IRSA in EKS: a Kubernetes - AWS bridge

This guide assumes you manage your infrastructure with Terraform.

Here is an example IRSA implementation using Terraform and kubectl.

Background

Let's say you want to allow your EKS-hosted app to access an AWS service. You have a couple of options to do so, depending on the application:

  • Using AWS IAM credentials (key/secret) injected into your pods as Kubernetes secrets or via environment variables.

  • Have your pods use the AWS IAM EC2 instance profile (EKS nodes).

But how can you achieve the same in a secure and scalable way? IRSA is your friend.

What is IRSA?

IRSA stands for IAM Roles for Service Accounts. It is the method of linking an AWS IAM role with a Kubernetes service account attached to a pod. This method offers some advantages:

  • You specify the Kubernetes service account (and namespace) that has access and trust to assume the corresponding IAM role. No other service account will be able to do so.

  • You can easily track the access events in AWS CloudTrail for a specific combination of IAM role and service account.

  • You can make the access as specific and granular as you need via IAM (role) policies.

Every EKS cluster natively hosts a public OIDC discovery (unique) endpoint for your workloads to authenticate and access other AWS services, via AWS STS.

Ok cool, what is OIDC then?

OIDC is an authentication protocol based on OAuth 2.0. It is designed to offer a handover layer to allow authenticating users/services without having to maintain credentials.

Here you can find more info about OIDC.

Kubernetes supports various authentication strategies, and OpenID Connect is one of them.

What does the workflow look like?

Involved parties

The authentication is done using three main components:

  • SDK (client app) running in a pod.

  • OIDC discovery endpoint (hosted by EKS cluster).

  • (Kubernetes) service account.

    • When a service account is created with an IRSA annotation, a JWT token is generated as a Kubernetes secret.

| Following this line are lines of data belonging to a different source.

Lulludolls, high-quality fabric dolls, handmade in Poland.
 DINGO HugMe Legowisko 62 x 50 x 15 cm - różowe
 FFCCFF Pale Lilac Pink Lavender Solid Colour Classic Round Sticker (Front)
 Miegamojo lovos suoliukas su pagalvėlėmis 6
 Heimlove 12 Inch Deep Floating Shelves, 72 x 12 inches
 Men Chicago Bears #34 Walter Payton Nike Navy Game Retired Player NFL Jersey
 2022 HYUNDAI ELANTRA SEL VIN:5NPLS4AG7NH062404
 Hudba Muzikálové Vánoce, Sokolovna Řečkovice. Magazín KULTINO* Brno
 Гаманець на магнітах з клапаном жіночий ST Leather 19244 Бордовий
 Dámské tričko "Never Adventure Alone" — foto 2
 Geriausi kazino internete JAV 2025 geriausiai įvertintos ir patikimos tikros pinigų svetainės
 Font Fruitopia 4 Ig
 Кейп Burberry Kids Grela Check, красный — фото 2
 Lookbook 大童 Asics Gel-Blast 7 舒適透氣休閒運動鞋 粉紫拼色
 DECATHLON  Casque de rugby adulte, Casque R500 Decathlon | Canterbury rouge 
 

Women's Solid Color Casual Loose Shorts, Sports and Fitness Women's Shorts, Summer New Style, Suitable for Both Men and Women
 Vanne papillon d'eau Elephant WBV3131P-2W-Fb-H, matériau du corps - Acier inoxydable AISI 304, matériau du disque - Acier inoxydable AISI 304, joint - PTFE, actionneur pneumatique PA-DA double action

      • This annotation is the linkage with the IAM role it needs to assume: annotations: eks.amazonaws.com/role-arn: arn:aws:iam::<aws_account_id>:role/your-role
    • When that service account is attached to a pod, it will automatically inject two new environment variables:

      • AWS_ROLE_ARN - the IAM role ARN.

      • AWS_WEB_IDENTITY_TOKEN_FILE - the path to the JWT token.

        • and mount the JWT token as a volume to that pod.

The process

  1. When a Kubernetes service account (with the IAM role ARN annotation) is attached to a pod, the control plane EKS mutating admission webhook injects two env variables: AWS_ROLE_ARN and AWS_WEB_IDENTITY_TOKEN_FILE and mounts a volume containing an OIDC-generated JWT token.

  2. When the client SDK (running in a pod with the service account attached) performs the AWS API call (e.g. eks:ListClusters), it under the hood sends a AssumeRoleWithWebIdentity request to AWS STS service, including both the JWT token and the role ARN it wants to assume to do the AWS API call (e.g. eks:ListClusters) from the service account annotation.

  3. AWS STS validates the IAM role trust (assume) policy condition, which contains both the OIDC discovery ID and a combination of the Kubernetes namespace and service account name where the original API call is coming from.

  4. If all checks out, it sends back a set of temporary AWS IAM role credentials to the client SDK.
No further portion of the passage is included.